Jun 25, 2004 20:12
I don't have enough time to do this justice, but I'm sitting in a the "Business Center" of my hotel here in this metropolis built on an archipelago, wondering what to say... perhaps I'll just summarize and ramble about my trip since I don't have to be at dinner for 16 minutes. Somewhere upstairs Lars is quixotically pondering where I am and my mom and sister are probably laughing at him. Onwards.

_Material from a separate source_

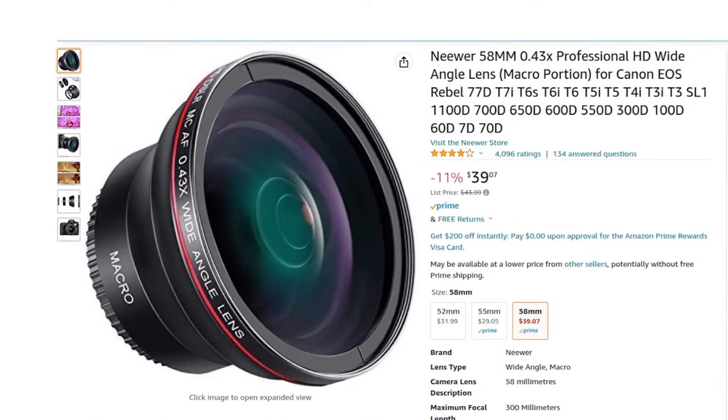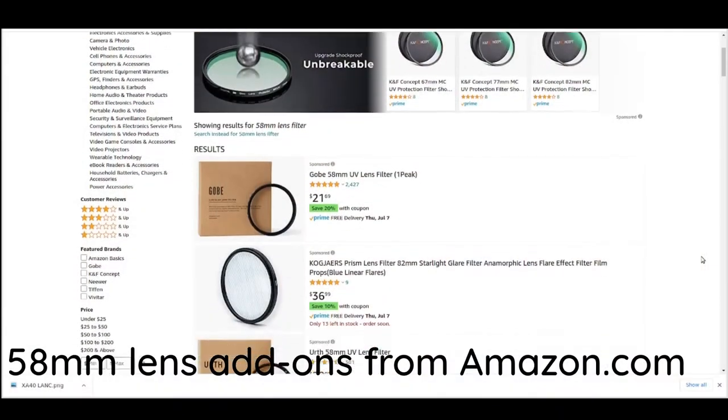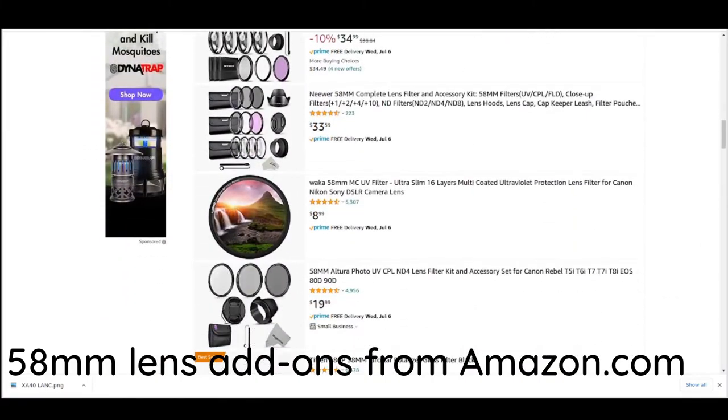It's the first aftermarket lens I picked up for this — a 58 millimeter wide angle lens from Neewer (N-E-E-W-E-R). I mentioned before that just because your camcorder is a fixed lens, like the XA40 and indeed all the other variants in the Canon XA series, it doesn't mean there aren't things you can do with the lens. The key thing to know is the lens diameter — for the XA40 it's 58 millimeter. So you don't even need to search 'Canon XA40 wide angle lens'; just look for '58 millimeter wide angle lens' and it should pretty much work.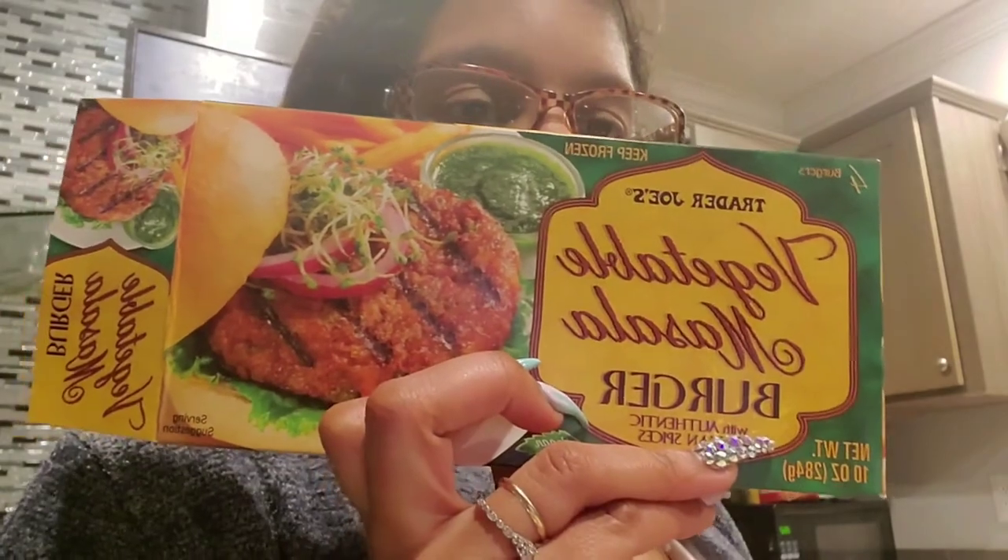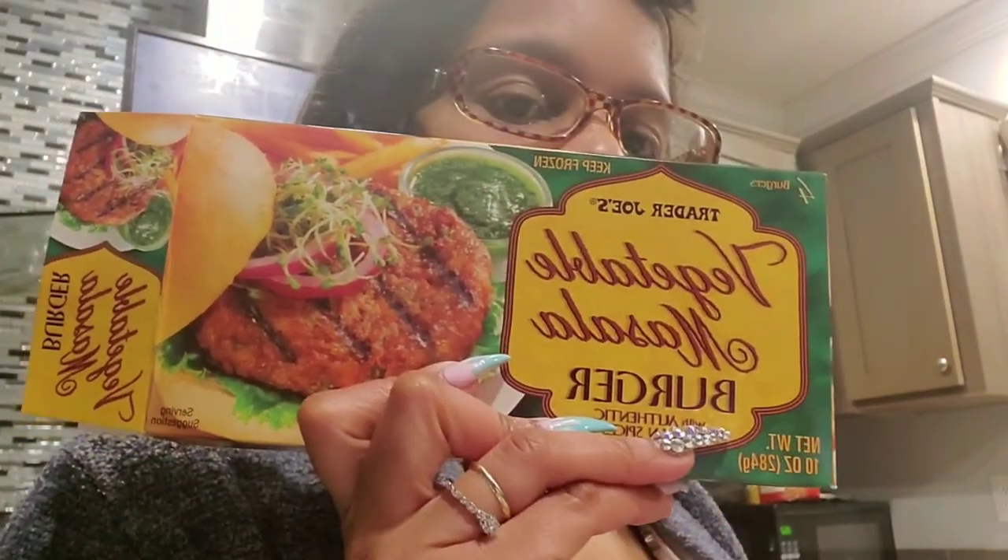You can cook it on the stovetop or grill it, but I used the stovetop. However you want to cook it, I really did like it. This is really good — very, very good.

My 15 hour flight here on Monday was due to leave at 11:55 pm, some 5 minutes before the arrival of two things assorted members of my family have been eagerly awaiting: the new Wilco album (myself) and Bill Clinton's autobiography (my, dare I say left-leaning mother). Inside an anonymous airport store that sells a variety of LA kitsch, candy, and plenty of annoyingly glossy magazines were some plastic cases rubberbanded shut marked "My Life Do Not Sell until 6/22/04" My mom eyes this, coveting what's inside, and I step away, fearing the glint in her eye does indeed represent her desire to rip the damn thing open and steal a copy. Which she unceremoniously does, and walks nonchalantly down the terminal and onto the plain. Lars shakes his head in a way that adjectives fail to describe (those of you who know him will know what I mean) and we're off.
We arrive on Wednesday morning in Hong Kong in an enormous, empty airport at 6 am which my thevious mother notes was "the most massive public spending effort ever" and somewhere there's a documentary on the subject of who it was built on hydralic jacks and the like. "Better not tell Lars," she says. Later we went up this rickety, Angel's Flight-like railway to the highest peak on HK island - this city is all skyscrapers and mountains - and LArs insisted we go on a hike up to the top and around. He later found a stream he liked very much, "look at this stream guys. Don't you love the babbling sound?" I could kill myself; it is 90 degrees, humid as a sauna and pouring. Then we went through this market which instantly brings Blade runner to mind and bought some fruit and a watch with Mao. The second hand is his arm waving to the masses. Also, the fruit we later discovered to be smelly, as Lars walked into our room and asked "what's that musty smell?" donning a dumbfounded expression. I told him it was my vagina. For dinner we went to some restaurant which immeadiately brought a mix of Dr. Zhivago and a variety of Cirque de Soliel shows to mind and mom (drunkenly) and I (not drunkenly) discussed selling Lucy into the porn industry. I'm late... I'll mention the rest later from Thailand.